Вичка позвонила, завела свою лирику:
— Помнишь, протопоп Аввакум, когда мать вздумала его женить, всю ночь молился, чтоб была ему жена — помощница ко спасению.
— Как же не помнить, ночью разбуди меня и спроси: протопоп Аввакум, как же, как же!..
— Ну не ерничай. Так и скажи: не знаю.
— Да? А ты дифзащиту знаешь? А бойлеры? Как, ты не знаешь? Это странно, я полагал, это общеизвестно!
— Ты дурак, Глеб.
— Дядя Глеб. Я старше тебя на пятнадцать лет. Поднатужившись, я мог бы быть твоим отцом.
— Ну так вот, я про Аввакума. Помощницу ко спасению, понимаешь? Он ведь не просил, чтоб у нее был такой-то рост, цвет глаз, чтобы она умела шить или петь. Знаешь, как мы, журналисты, берем интервью: какие качества вы цените в жене, в муже? Так вот, Аввакуму было плевать на любые качества, кроме одного: у нее, как у него самого, должен быть высший идеал. И все, понимаешь?

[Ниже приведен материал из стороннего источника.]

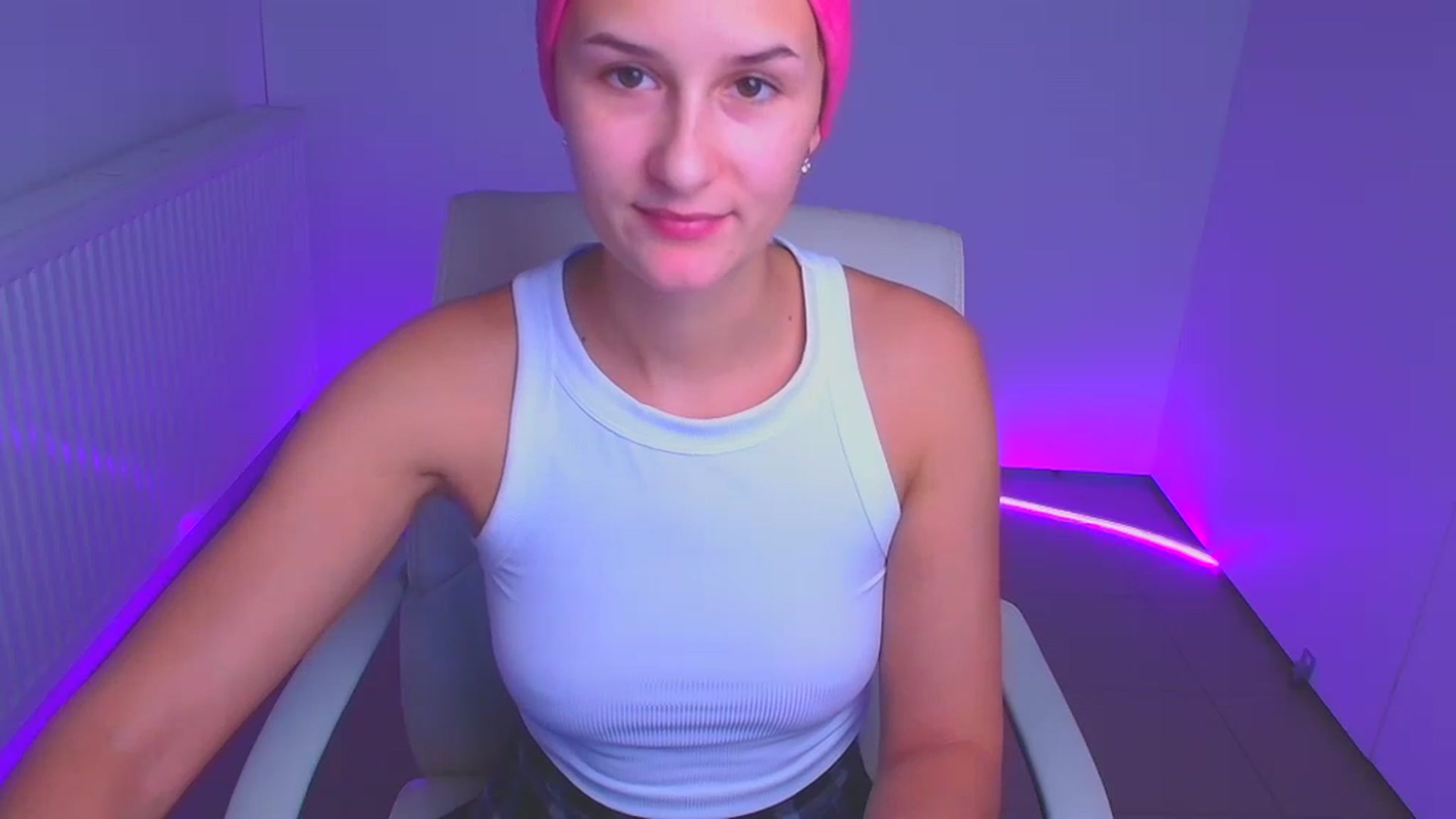 Gallery image thumbnail from Alpha_Love's myfreecams stream on, 12/26/2024, 11:40 image 13 of 20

— Вика, у нас с тобой вот-вот квартира будет…
— И молчишь! Я тебе околесицу несу, а ты молчишь!
— Вика… Это жена. Она разменивает нашу квартиру.
— Сказал-таки ей?! — испугалась.
— Она сама сказала.
— Ну вот, а говорил, слабейший не может быть великодушным.
— Значит, она не слабейший…
— Ой, Глеб… Что-то как-то плохо… Скажи что-нибудь!
— Мне бы самому кто сказал.
— Ой… Мне отчего-то прямо умереть охота, — расстроилась.
— Мне тоже.
— Ну, откажись!
— Что отказываться, она ведь не от злого сердца.
— Ох, какой мне во всем этом укор!..
— А, перестань. Ты сама этого хотела.
— Лучше бы она вела себя как-нибудь похуже.
— Да уж ясно.
— А ты вернись к ней.
— Что?
— Вернись к ней. А что, она вон какая хорошая, благородная, не то что я. Зачем же тебе ввергать себя в такой контраст!
— Эх ты!
— Что эх ты?
— Ревность у тебя, что ли? Зависть?
— Еще что-нибудь прибавь. Мало. Не хватает до полного моего портрета. Я тебе то же самое говорю: от добра добра не ищут.
— Тьфу ты! Ты почему такая?
— А вот уж такая я! Пока, будь здоров!
И кидает трубку. Что греха таить, было. Сомнения… Слишком уж безоглядно она ему все о себе рассказала… Он ведь мог и не справиться с тем, что она рассказала. Ему трудно пришлось.
У нее в юности был такой случай. Сидели темным вечером на лавочке с одним человеком. Ну, теперь уж какие околичности — с Саней Горынычем. И кто-то из-за угла как выскочит, как гикнет! Ее первое движение: она отпрянула. А Горыныча первое движение было: он вскочил, чтоб ринуться на врага. То оказался никакой не враг, а их же товарищ — подшутил, но в этот миг Вичка узнала о себе и о Горыныче все. Горыныча она почти возненавидела: что он вот такой — а она такая. И положила себе с тех пор лезть на любой рожон — чтобы уж или погибнуть, или перековаться в бесстрашного человека.
И началось у нее это ее «рожонство». Среди которого было так много всего. Что так трудно далось принять Глебу.
Бесшабашные у нее были дни. Вичка ничего не ценила из того, что имела. Одноклассники, товарищи, сама юность — все казалось лишь цветочками, предвестием ягодок, которые будут впереди. И цена им давалась только половинная. Вичка стремилась вперед, без сожаления оставляя позади и внизу преодоленный материал юности.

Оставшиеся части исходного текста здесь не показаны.